The Paris prosecutor's office announced an investigation for "murder, attempted murder in an organized group linked to a terrorist enterprise."
"We are in a war with terrorists who want to strike us at any price and in a very violent way," Cazeneuve said.
In an nationally televised address hours after the attack, Hollande said the intention of the truck's driver was "killing, crushing and massacring."
"This attack that has all the elements to be called a terrorist attack is once again of an incredible violence and it is clear we have to do everything in our power to fight this terrorist plague," Hollande said.
Just hours after announcing in the traditional Bastille Day interview that the state of emergency, in place since November attacks that killed 130 in Paris, was to be removed, Hollande said it must be extended for three months.
That decision will need parliamentary approval. He also said other measures will be put in place to counter the threat.
Hollande says he will call a defense council meeting Friday that brings together defense, interior and other key ministers, before heading to Nice.
Besides ensuring continuation of the state of emergency and the Sentinel operation that puts 10,000 soldiers on patrol, he said he was calling up reserve to help police, particularly at French borders.
On Twitter, he wrote in French that France is sorrowful, but strong.
A truck drove on to the sidewalk and plowed through a crowd of Bastille Day revelers who'd gathered to watch fireworks in the French resort city of Nice late Thursday in what some officials and eyewitnesses described as a deliberate attack.

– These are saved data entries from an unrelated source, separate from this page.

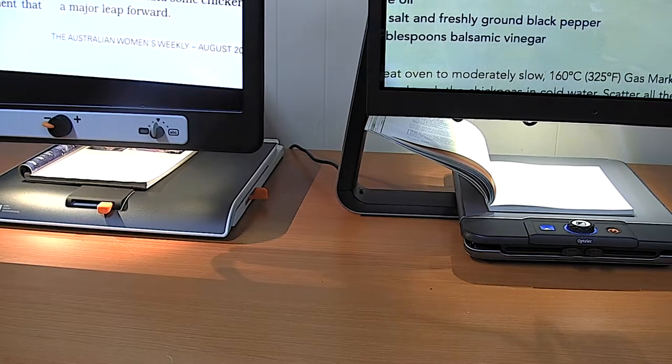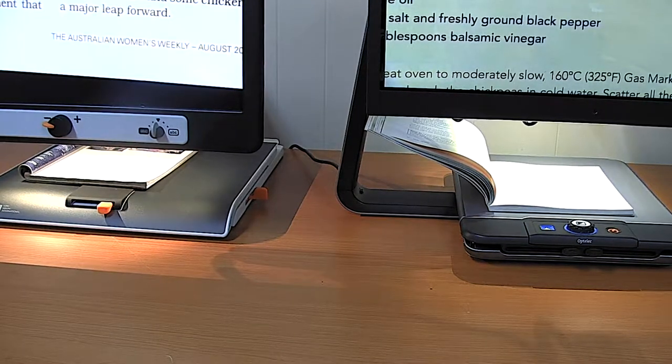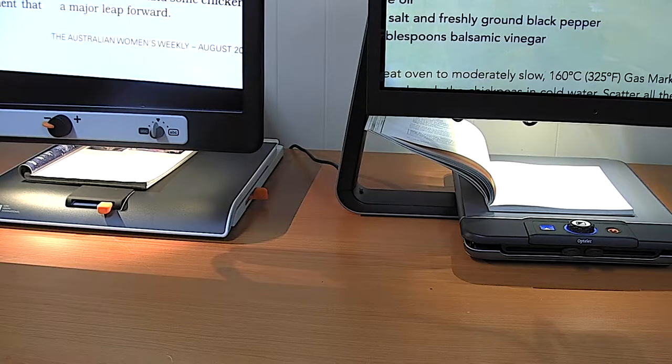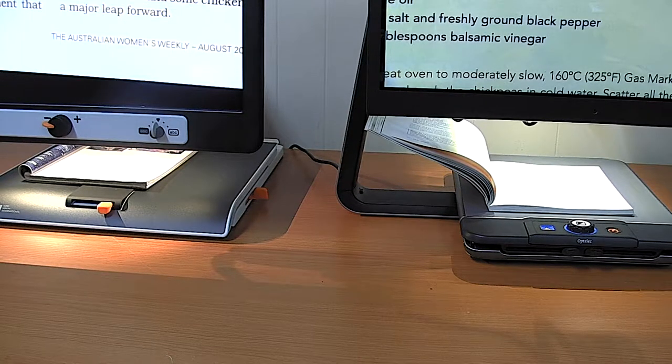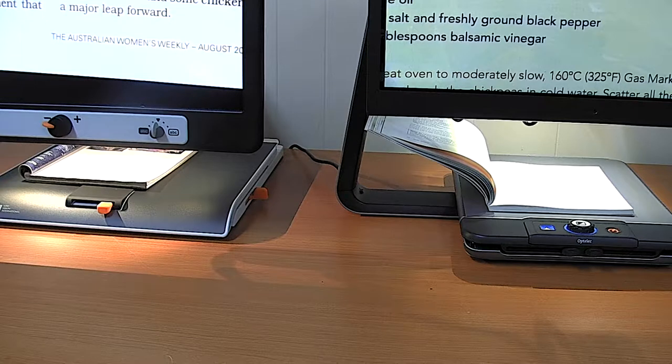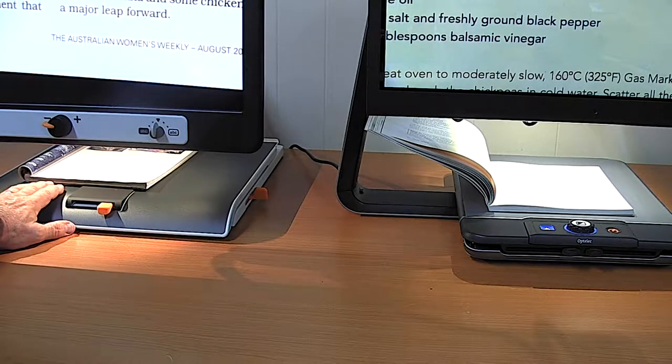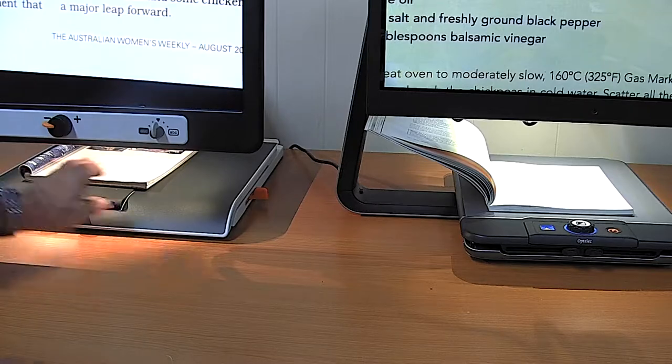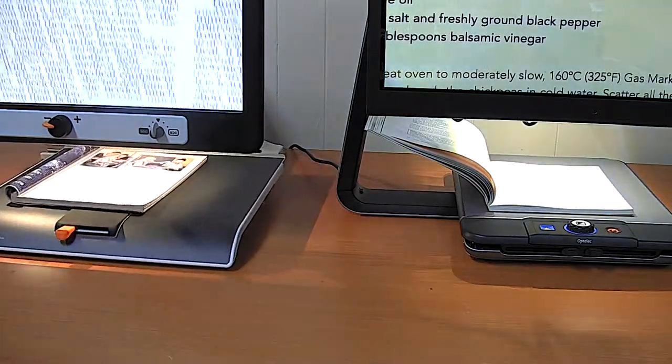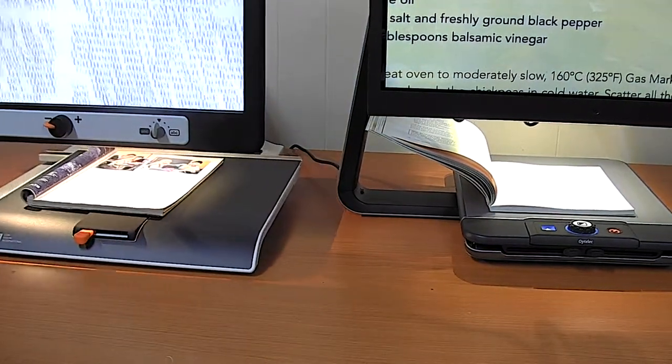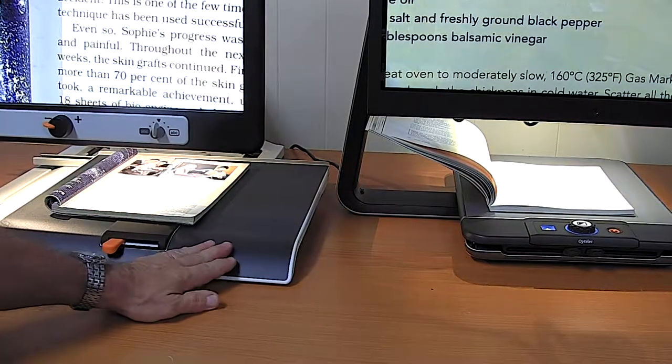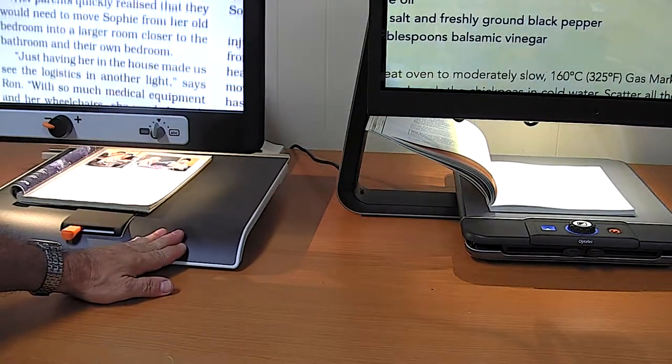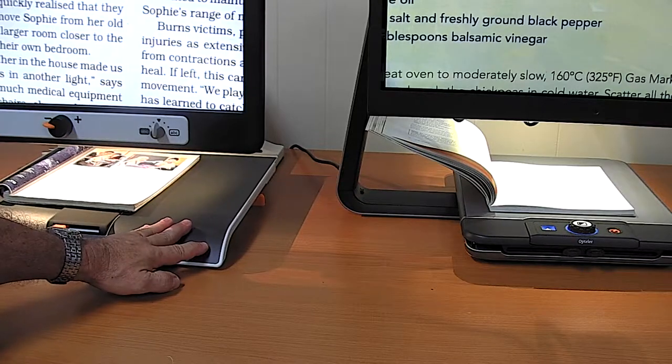In this section we're going to look at some of the reading trays that are available for desktop electronic magnifiers. The reading tray is a convenience function for placing books and documents underneath the camera with the ability to slide them in a very smooth way backwards and forwards and left and right.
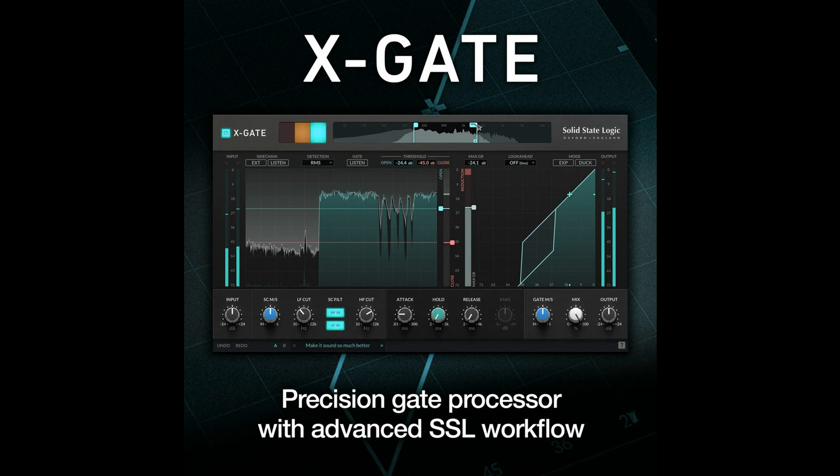X-Gate continues to expand the SSL plugin offering with a comprehensive but easy-to-use surgical gating tool for mixing, live, and broadcast applications. Fast, snappy, and precise, X-Gate is guaranteed to be your new workhorse plugin for shaping drums and other instruments, adding punch to your mixes, and transparently fixing ghost notes, noise, or room bleed.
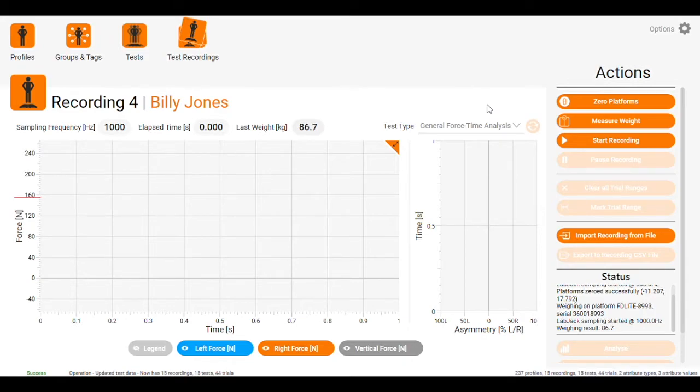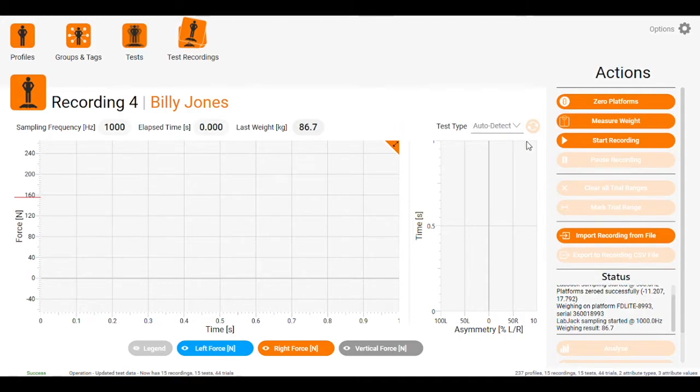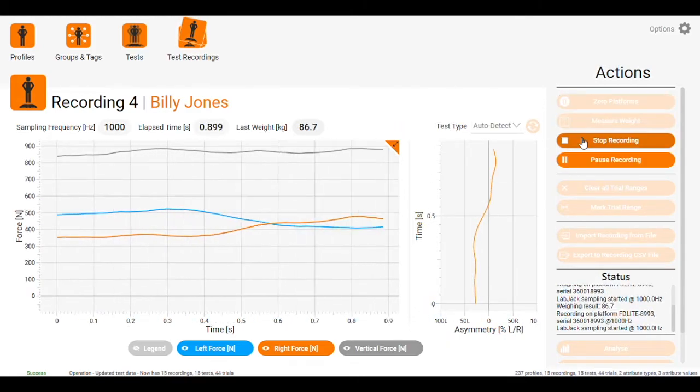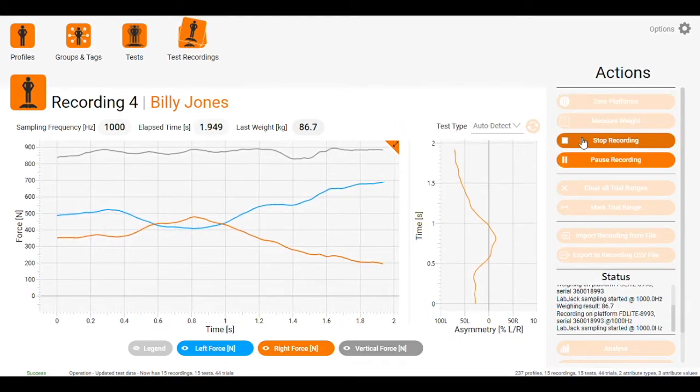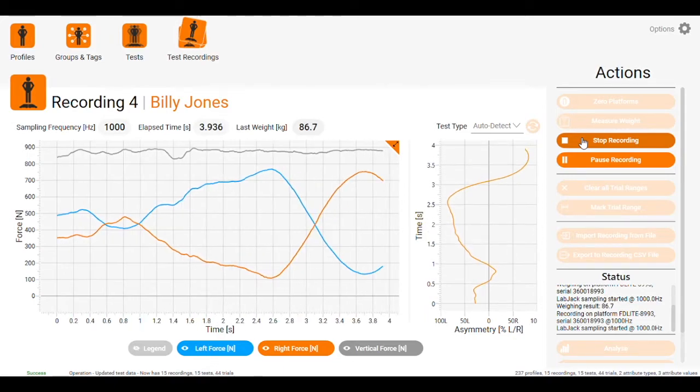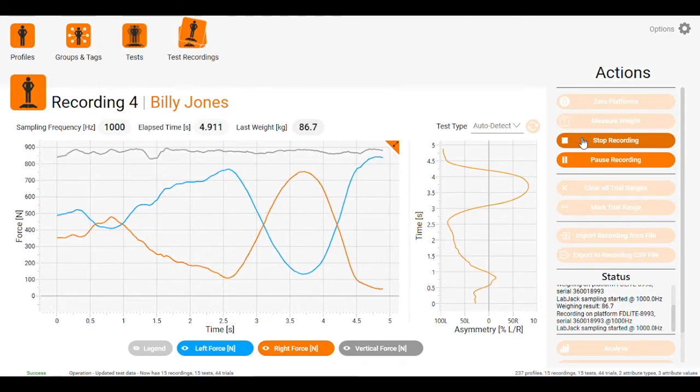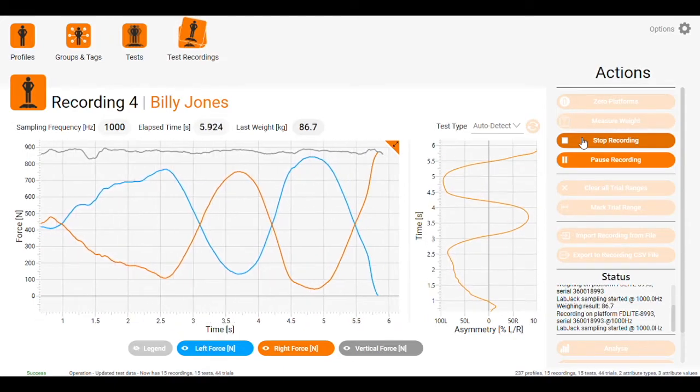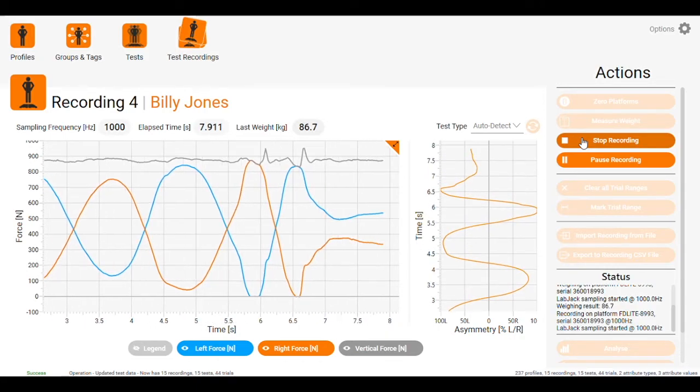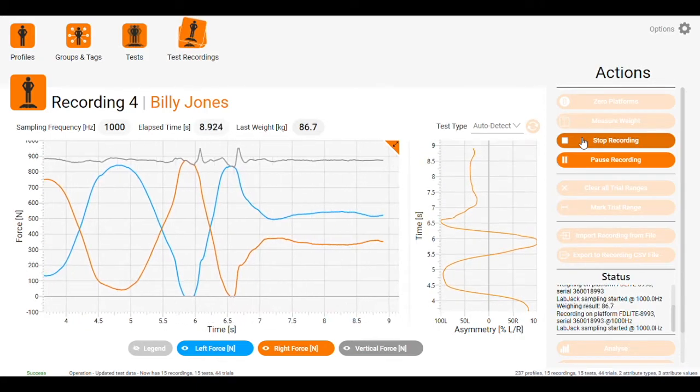From there, we go in and choose whatever type we want, then start recording. As we can see, the plates are now live. If we put more weight over one side or the other, we get a movement in the curve.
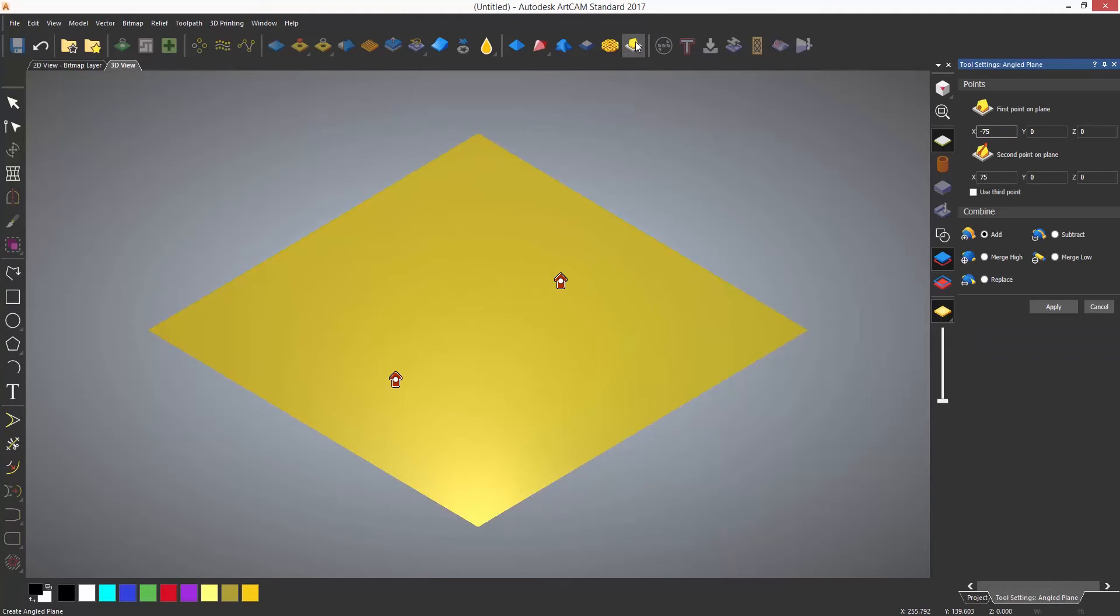When you select the tool, you will be greeted with two red arrows with small white dots inside them. The red arrows will move up or down in Z, and the white dots are the anchor points.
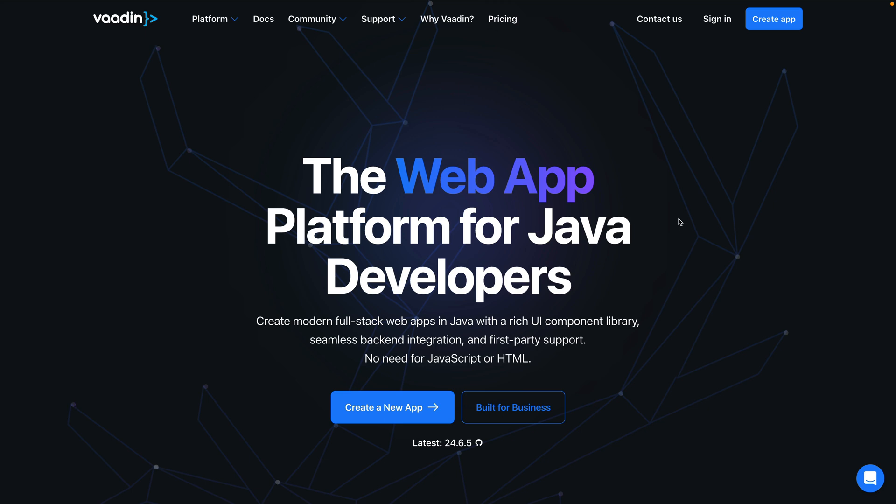Vaadin is a platform that helps full-stack Java teams build complete web applications, including front-end and back-end. We help you handle everything from UI design to production deployment in one coherent workflow. Let me show you how that works in practice.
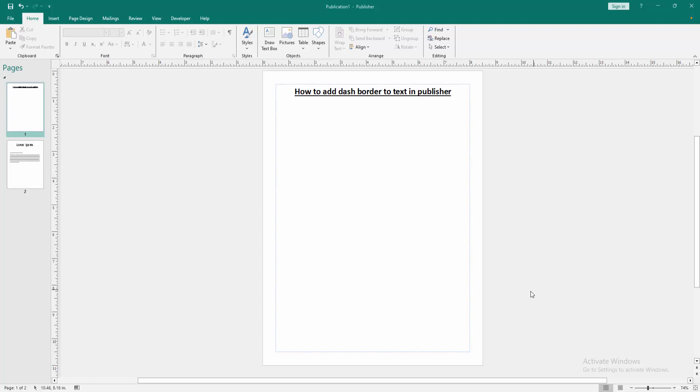Assalamualaikum. Hello friends, how are you? Welcome back to another video. In this video I'm going to show you how to add dash border to text in Microsoft Publisher. Let's get started.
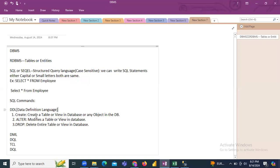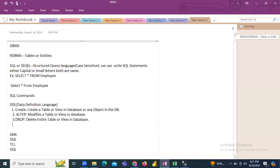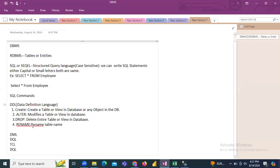To summarize DDL commands: CREATE creates a new table or view in the database; ALTER modifies an existing table — for example, renaming a table using the RENAME function; DROP deletes an entire table, view, or any object from the database. We also have a RENAME command to rename a table name or view.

French network BFM TV said the victims were pedestrians on the famed Promenade des Anglais along the Nice waterfront.
Sylvie Toffin, a press officer with the local prefecture, said the truck "hit several people on a long trip" down the sidewalk near Nice's Palais de la Méditerranee, a building which fronts the beach. Some estimates say the truck went over a mile through the crowd before being stopped.
Toffin confirmed the incident was deliberate, saying, "It's an attack."
The Paris prosecutor's office said it had open a terrorism investigation into the crash.
Almost exactly eight months ago, ISIS militants killed 130 people in a series of attacks in Paris.
The mayor of Nice, Christian Estrosi, said the truck was loaded with arms and grenades, and that the driver was shot dead by police.
"The driver fired on the crowd, according to the police who killed him," Estrosi told BFM TV.
Estrosi said the driver appeared to have "completely premeditated behavior." He added that "the truck was loaded with arms, loaded with grenades."